I have a very young fan tail,
Not to sure on age but he or she does not have all of wing feathers and a few simi-bald spots on it's back. and still has a very large beck, it eats on it's own fine,
I would like to know how to tell if this is a boy or girl.
I would like to give it a name but don't want an egg laying george...lol..
so for now we will call it pidge.
if any one can give me some points on how to tell I would be very thankful..
Talking Feathers


----------



## Wild Dove (Apr 9, 2002)

Hi! Congrats on your baby Fan Tail!
You'll have to wait a couple of months or so before the baby shows behavioral signs of gender...and even that may be wrong!

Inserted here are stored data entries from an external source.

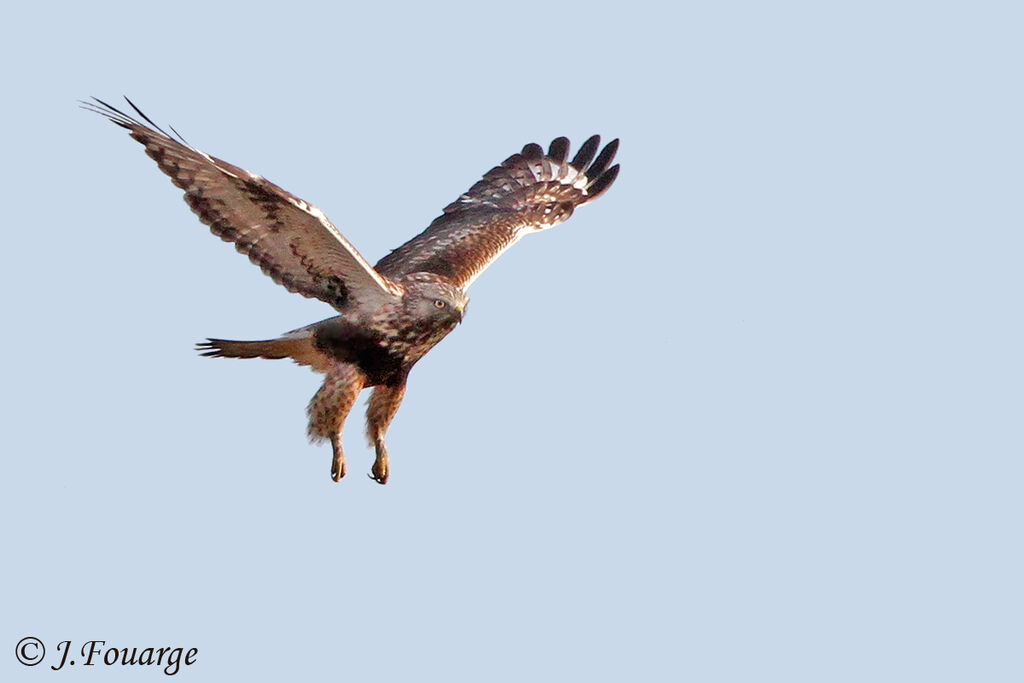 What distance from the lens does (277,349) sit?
11.4m

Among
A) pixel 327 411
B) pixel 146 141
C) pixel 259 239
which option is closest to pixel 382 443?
pixel 327 411

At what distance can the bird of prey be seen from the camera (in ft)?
34.9

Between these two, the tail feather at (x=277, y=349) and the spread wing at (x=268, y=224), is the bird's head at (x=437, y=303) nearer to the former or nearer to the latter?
the spread wing at (x=268, y=224)

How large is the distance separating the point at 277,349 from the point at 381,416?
0.85 m

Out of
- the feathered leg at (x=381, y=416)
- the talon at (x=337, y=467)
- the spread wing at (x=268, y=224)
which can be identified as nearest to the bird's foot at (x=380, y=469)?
the feathered leg at (x=381, y=416)

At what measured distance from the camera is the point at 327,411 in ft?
36.9

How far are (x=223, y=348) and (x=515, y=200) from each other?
134 inches

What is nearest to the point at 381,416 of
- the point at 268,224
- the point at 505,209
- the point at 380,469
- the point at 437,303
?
the point at 380,469

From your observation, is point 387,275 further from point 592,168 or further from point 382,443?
point 592,168

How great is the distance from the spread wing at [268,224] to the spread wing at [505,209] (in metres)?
0.93

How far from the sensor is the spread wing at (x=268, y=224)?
10.5 metres

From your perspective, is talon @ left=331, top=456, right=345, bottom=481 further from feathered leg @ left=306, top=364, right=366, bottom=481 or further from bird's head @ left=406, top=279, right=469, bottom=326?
bird's head @ left=406, top=279, right=469, bottom=326

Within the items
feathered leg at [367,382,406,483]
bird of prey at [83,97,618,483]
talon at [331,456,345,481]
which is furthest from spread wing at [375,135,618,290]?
talon at [331,456,345,481]

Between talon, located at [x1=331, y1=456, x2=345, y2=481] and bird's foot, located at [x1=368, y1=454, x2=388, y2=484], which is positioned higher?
bird's foot, located at [x1=368, y1=454, x2=388, y2=484]
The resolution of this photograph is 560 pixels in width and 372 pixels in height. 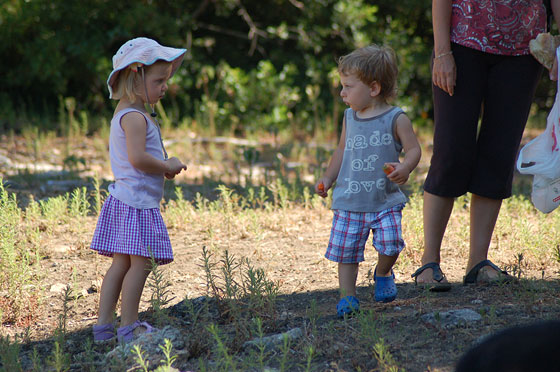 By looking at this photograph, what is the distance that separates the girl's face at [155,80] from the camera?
10.9ft

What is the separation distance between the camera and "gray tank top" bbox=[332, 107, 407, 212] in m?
3.40

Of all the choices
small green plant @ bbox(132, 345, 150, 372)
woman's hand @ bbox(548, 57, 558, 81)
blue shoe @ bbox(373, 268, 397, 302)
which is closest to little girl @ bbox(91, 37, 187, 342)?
small green plant @ bbox(132, 345, 150, 372)

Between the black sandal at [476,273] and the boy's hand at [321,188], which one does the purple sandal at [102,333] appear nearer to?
the boy's hand at [321,188]

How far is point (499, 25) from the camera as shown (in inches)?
143

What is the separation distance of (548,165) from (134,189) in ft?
6.76

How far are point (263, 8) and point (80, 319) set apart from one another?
7.93 m

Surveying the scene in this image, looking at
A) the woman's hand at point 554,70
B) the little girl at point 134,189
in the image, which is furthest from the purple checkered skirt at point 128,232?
the woman's hand at point 554,70

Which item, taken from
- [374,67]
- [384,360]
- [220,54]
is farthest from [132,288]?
[220,54]

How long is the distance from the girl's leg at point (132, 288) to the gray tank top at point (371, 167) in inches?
39.1

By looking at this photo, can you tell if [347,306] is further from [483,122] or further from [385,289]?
[483,122]

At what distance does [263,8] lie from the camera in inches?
426

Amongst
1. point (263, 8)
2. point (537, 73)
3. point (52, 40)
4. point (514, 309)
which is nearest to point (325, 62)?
point (263, 8)

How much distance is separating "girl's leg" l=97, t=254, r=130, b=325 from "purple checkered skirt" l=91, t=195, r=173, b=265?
0.07 metres

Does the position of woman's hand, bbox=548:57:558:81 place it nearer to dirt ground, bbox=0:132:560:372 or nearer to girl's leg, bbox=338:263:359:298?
dirt ground, bbox=0:132:560:372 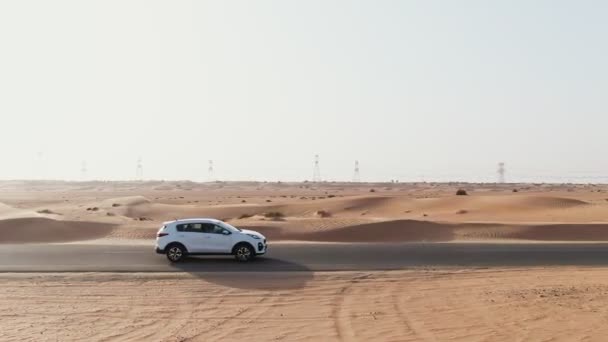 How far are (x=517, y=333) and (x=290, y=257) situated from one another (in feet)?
44.2

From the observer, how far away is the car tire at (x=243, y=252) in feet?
80.8

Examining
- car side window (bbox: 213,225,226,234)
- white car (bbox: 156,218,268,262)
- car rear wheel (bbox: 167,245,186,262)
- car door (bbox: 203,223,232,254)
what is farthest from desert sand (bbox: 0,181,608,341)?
car side window (bbox: 213,225,226,234)

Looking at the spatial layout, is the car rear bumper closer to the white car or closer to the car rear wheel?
the white car

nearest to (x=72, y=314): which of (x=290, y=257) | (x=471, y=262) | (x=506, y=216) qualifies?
(x=290, y=257)

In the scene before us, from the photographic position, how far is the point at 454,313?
15.2 meters

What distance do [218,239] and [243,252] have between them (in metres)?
1.00

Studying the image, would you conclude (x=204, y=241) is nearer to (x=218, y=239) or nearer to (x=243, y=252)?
(x=218, y=239)

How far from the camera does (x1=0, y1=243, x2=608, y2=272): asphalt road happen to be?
908 inches

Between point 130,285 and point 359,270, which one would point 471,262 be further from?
point 130,285

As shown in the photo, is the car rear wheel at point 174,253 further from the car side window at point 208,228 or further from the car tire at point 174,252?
the car side window at point 208,228

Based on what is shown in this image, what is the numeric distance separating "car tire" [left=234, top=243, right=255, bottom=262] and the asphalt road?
309 mm

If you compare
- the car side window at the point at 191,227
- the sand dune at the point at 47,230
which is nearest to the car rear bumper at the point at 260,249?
the car side window at the point at 191,227

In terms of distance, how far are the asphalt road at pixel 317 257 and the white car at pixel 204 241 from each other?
13.5 inches

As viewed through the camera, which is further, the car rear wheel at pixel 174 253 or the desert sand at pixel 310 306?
the car rear wheel at pixel 174 253
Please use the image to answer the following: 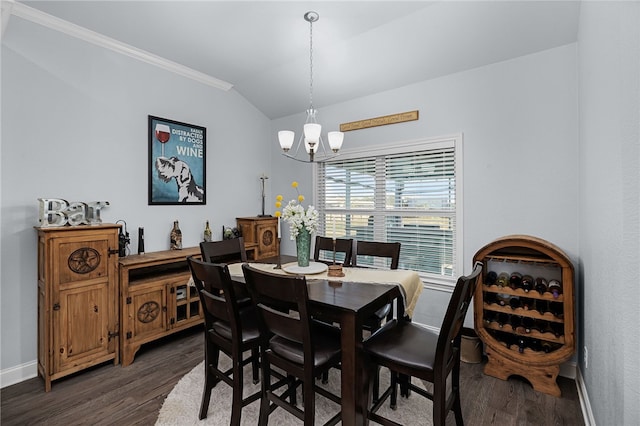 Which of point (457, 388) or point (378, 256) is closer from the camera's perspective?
point (457, 388)

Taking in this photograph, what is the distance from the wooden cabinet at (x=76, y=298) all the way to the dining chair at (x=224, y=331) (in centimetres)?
117

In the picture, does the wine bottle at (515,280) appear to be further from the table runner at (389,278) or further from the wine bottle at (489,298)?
the table runner at (389,278)

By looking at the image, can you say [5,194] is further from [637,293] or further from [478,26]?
[478,26]

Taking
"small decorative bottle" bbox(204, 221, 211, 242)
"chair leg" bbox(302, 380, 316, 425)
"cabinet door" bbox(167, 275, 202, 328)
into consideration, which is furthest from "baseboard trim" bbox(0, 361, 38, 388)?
"chair leg" bbox(302, 380, 316, 425)

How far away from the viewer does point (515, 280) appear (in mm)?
2564

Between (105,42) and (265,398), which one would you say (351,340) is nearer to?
(265,398)

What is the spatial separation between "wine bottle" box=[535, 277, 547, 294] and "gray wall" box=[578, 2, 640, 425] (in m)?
0.25

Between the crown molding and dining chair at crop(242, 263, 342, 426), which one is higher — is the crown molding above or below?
above

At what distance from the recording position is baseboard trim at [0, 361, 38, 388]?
94.8 inches

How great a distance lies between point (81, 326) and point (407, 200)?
3304mm

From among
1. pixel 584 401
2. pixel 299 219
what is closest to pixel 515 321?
pixel 584 401

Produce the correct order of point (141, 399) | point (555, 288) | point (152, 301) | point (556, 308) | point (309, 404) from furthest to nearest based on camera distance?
point (152, 301), point (556, 308), point (555, 288), point (141, 399), point (309, 404)

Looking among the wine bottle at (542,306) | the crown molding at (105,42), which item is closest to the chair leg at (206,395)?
the wine bottle at (542,306)

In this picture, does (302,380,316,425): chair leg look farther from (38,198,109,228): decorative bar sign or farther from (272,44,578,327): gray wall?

The only way to really tell is if "she" lays an egg...but you can come pretty close by watching behavior closely when baby grows up.
For now, you might want to pick a name that doesn't yell "Male!" or "Female!"...how about Georgie?
We'd love to see some pictures of your baby too!
Wild Dove


----------



## sofie della (10 mo ago)

cool i just rescued a wild white dove rom my neighbors there dog nearly killed it it survived 1 ight i hoping w can keep it it is missins a bit of feathers fro the dog pulling them out but hopefully its ok its a very good bird in the litle thing i have for it right now hoping it survrives and gets better


----------



## beachwood45789 (Jul 15, 2014)

Hi, are you sure it is a wild dove? are those black feathers on the top of his head and does it have a little cap where the black feathers end if so that is a fancy pigeon probably someones pet, i cant remember the name of the breed, are you feeding her and giving her water


----------



## pigeonroger154 (11 mo ago)

i agree that looks like the common white dove and they are not common in the wild. it is most likely someone's escaped pet.


----------